Task description:
Would you copy only the lines below, from the one containing "Căn nhà 377/x" through the very last one, leaving the pictures out?

Input data:
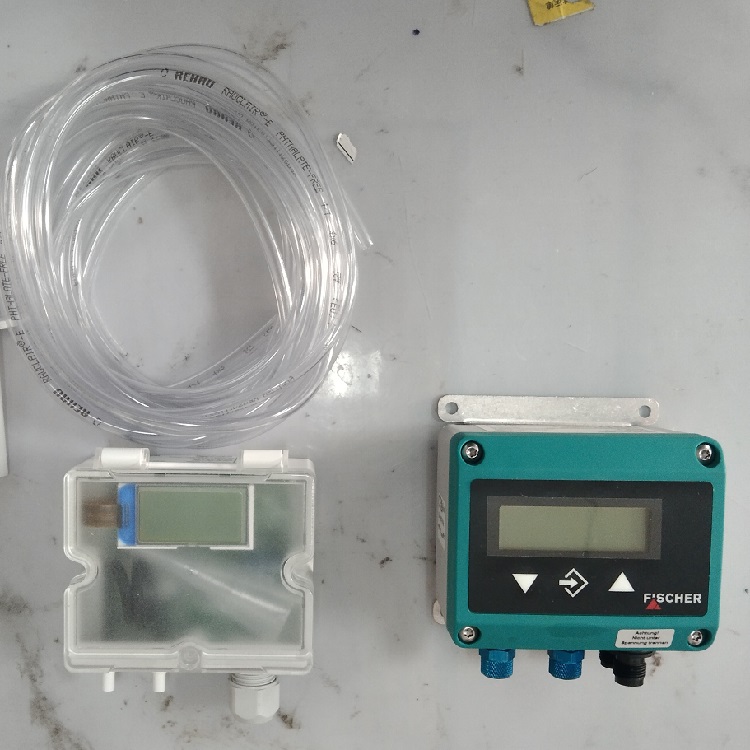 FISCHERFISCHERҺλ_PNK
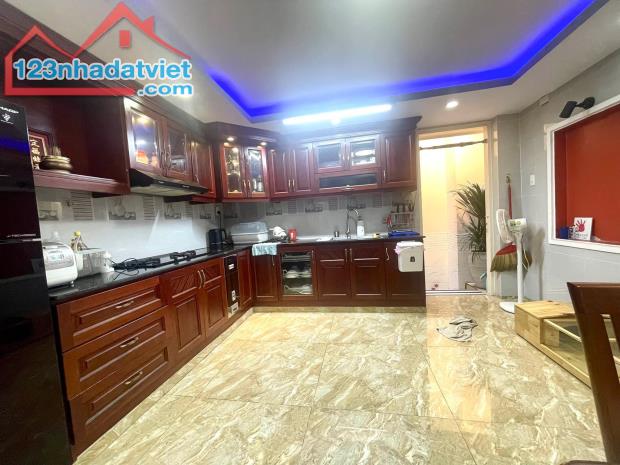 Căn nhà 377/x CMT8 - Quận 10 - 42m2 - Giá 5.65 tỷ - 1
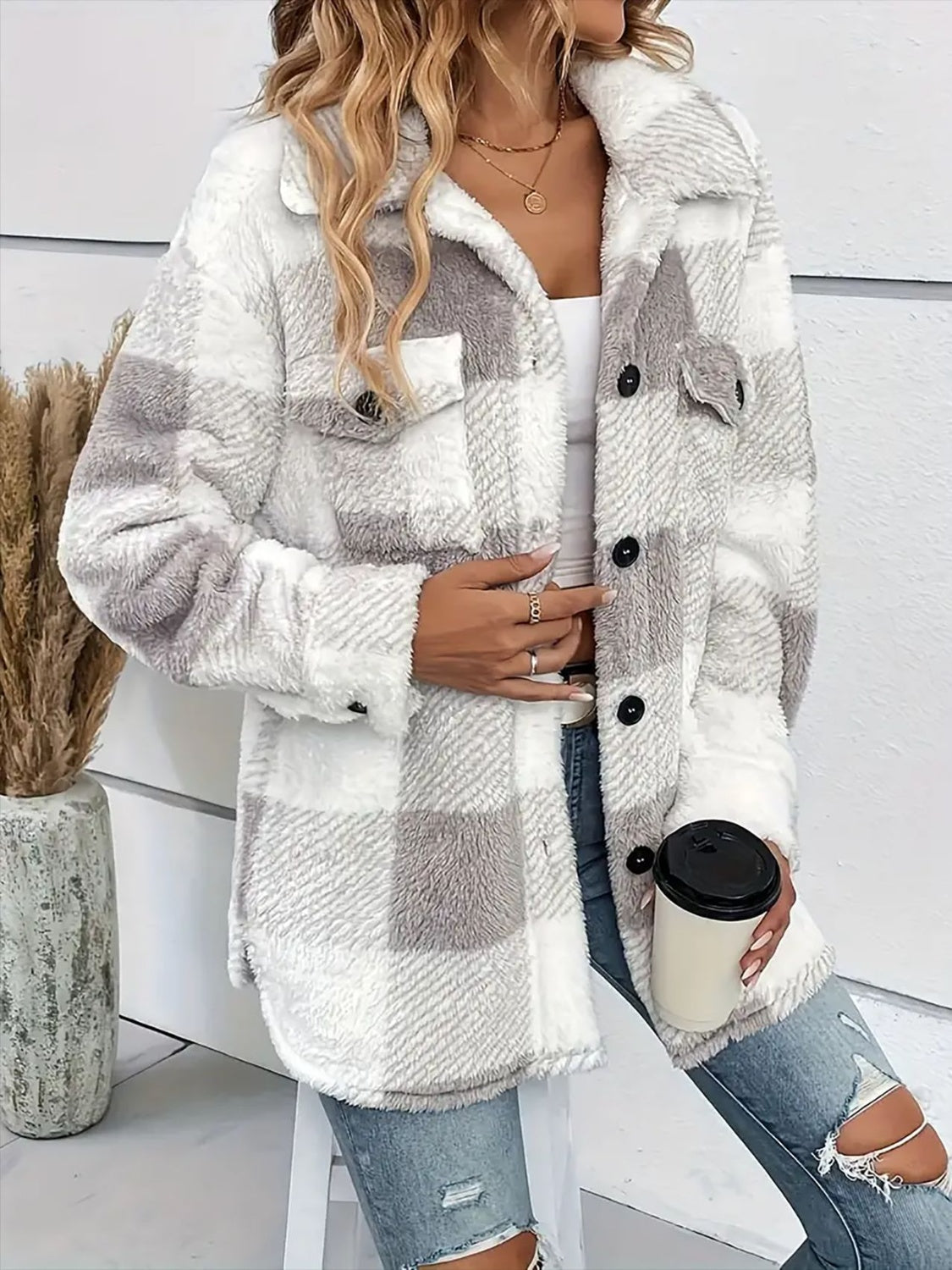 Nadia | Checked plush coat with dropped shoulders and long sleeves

Expected answer:
 Căn nhà 377/x CMT8 - Quận 10 - 42m2 - Giá 5.65 tỷ - 1
 Nadia | Checked plush coat with dropped shoulders and long sleeves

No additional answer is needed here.